Data extracts:
☆ ☆ ☆ ☆ ☆
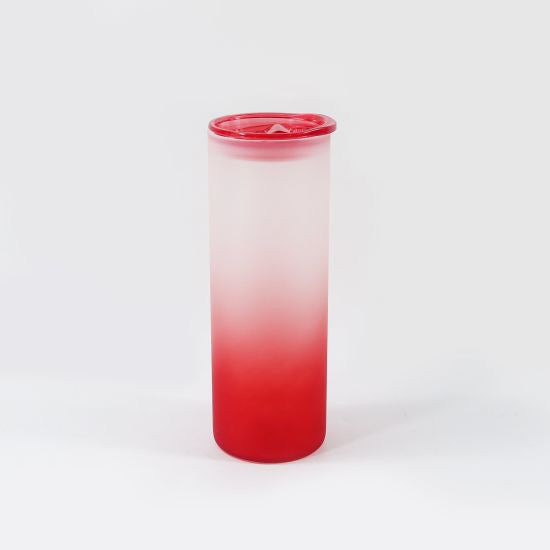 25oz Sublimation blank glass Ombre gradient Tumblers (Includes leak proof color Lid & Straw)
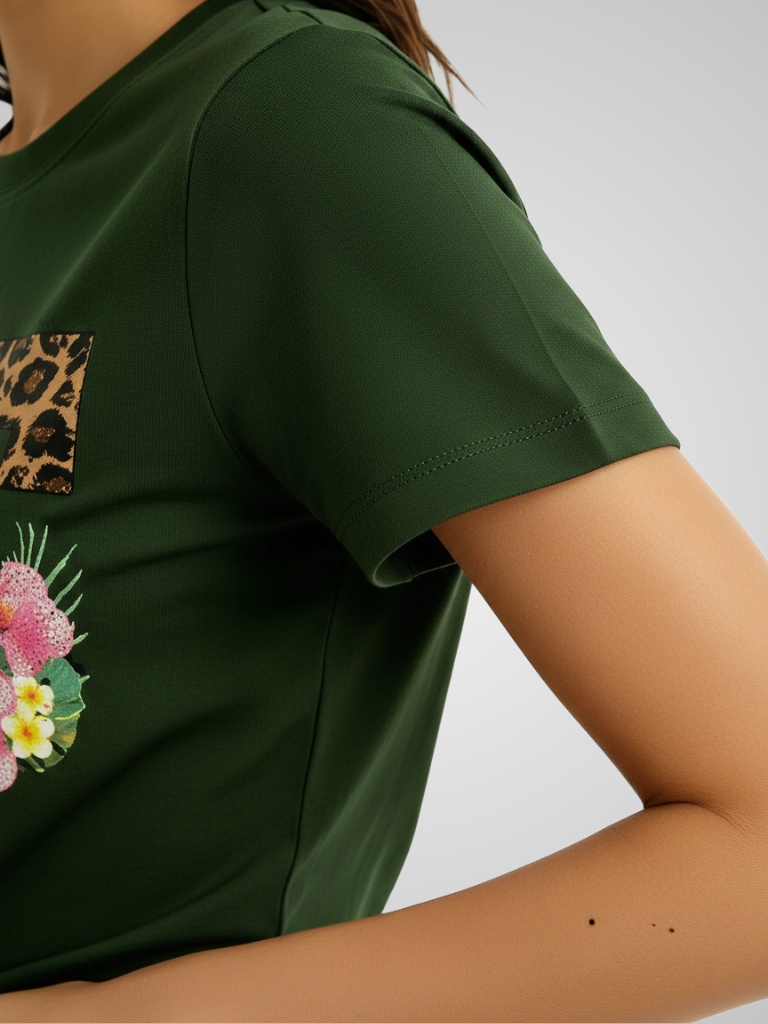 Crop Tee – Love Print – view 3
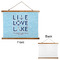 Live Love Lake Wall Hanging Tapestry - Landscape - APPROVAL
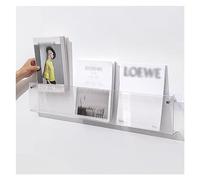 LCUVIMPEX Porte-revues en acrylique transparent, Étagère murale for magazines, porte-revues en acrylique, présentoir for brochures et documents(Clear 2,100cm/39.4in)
☆ ☆ ☆ ☆ ☆
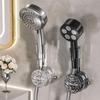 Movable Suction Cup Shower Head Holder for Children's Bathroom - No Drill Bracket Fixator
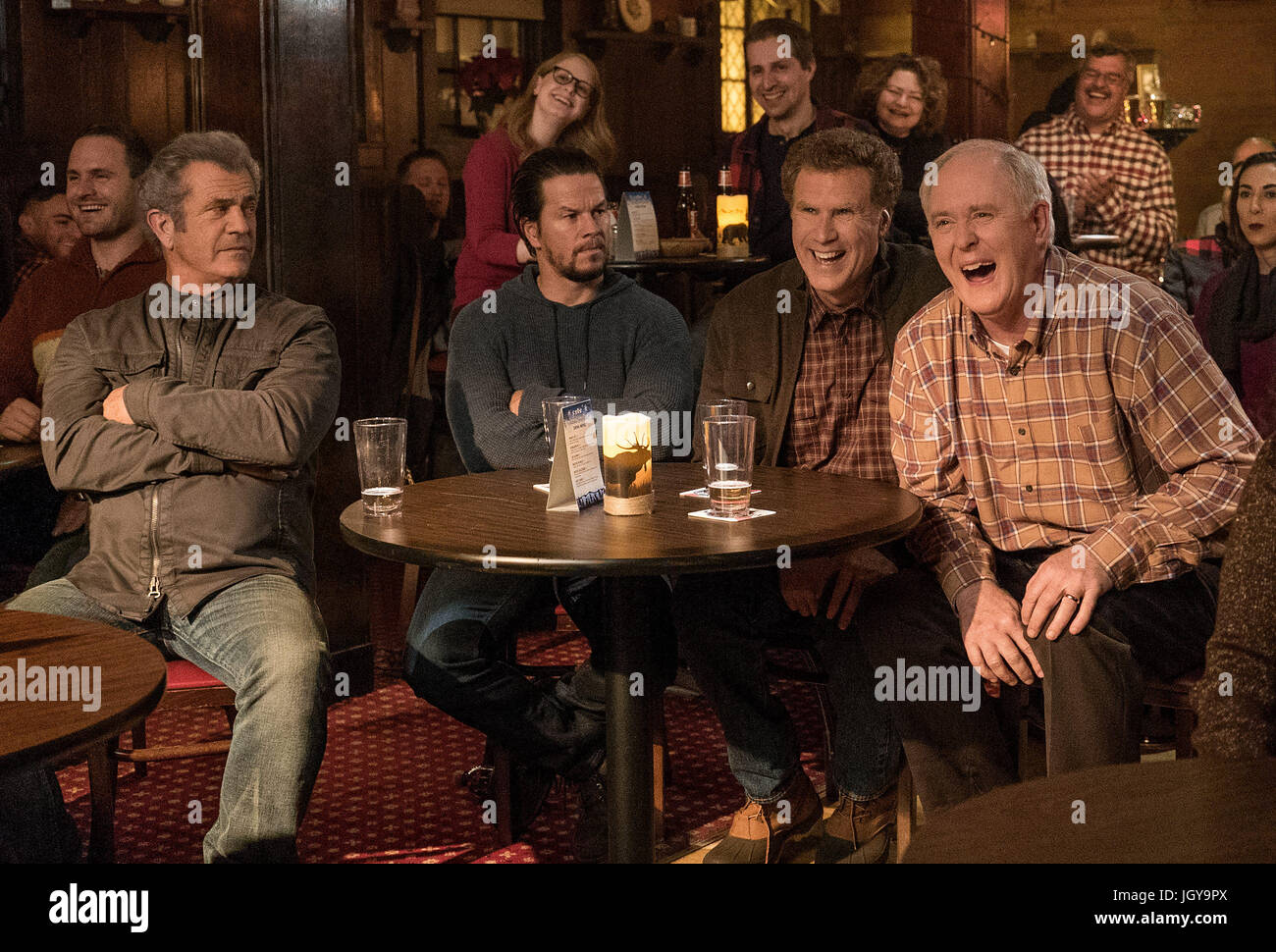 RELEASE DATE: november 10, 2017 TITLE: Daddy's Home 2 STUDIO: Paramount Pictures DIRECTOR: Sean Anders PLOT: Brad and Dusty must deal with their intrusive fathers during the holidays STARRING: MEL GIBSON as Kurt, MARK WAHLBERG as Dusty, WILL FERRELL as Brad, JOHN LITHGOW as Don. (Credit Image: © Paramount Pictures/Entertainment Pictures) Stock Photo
☆ ☆ ☆ ☆ ☆
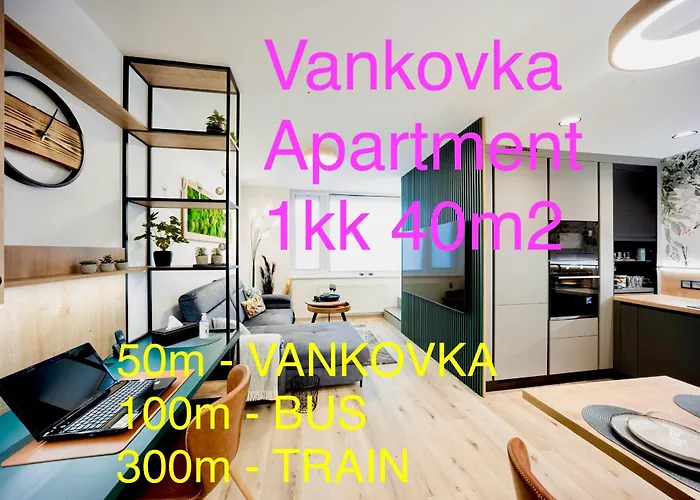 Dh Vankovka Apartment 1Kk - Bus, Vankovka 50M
☆ ☆ ☆ ☆ ☆
Exactly the lines above, from the one containing "25oz Sublimation blank" down to the one containing "LCUVIMPEX Porte-revues en", are to be repeated, including both ends. Pictures are not part of the copy.

 25oz Sublimation blank glass Ombre gradient Tumblers (Includes leak proof color Lid & Straw)
 Crop Tee – Love Print – view 3
 Live Love Lake Wall Hanging Tapestry - Landscape - APPROVAL
 LCUVIMPEX Porte-revues en acrylique transparent, Étagère murale for magazines, porte-revues en acrylique, présentoir for brochures et documents(Clear 2,100cm/39.4in)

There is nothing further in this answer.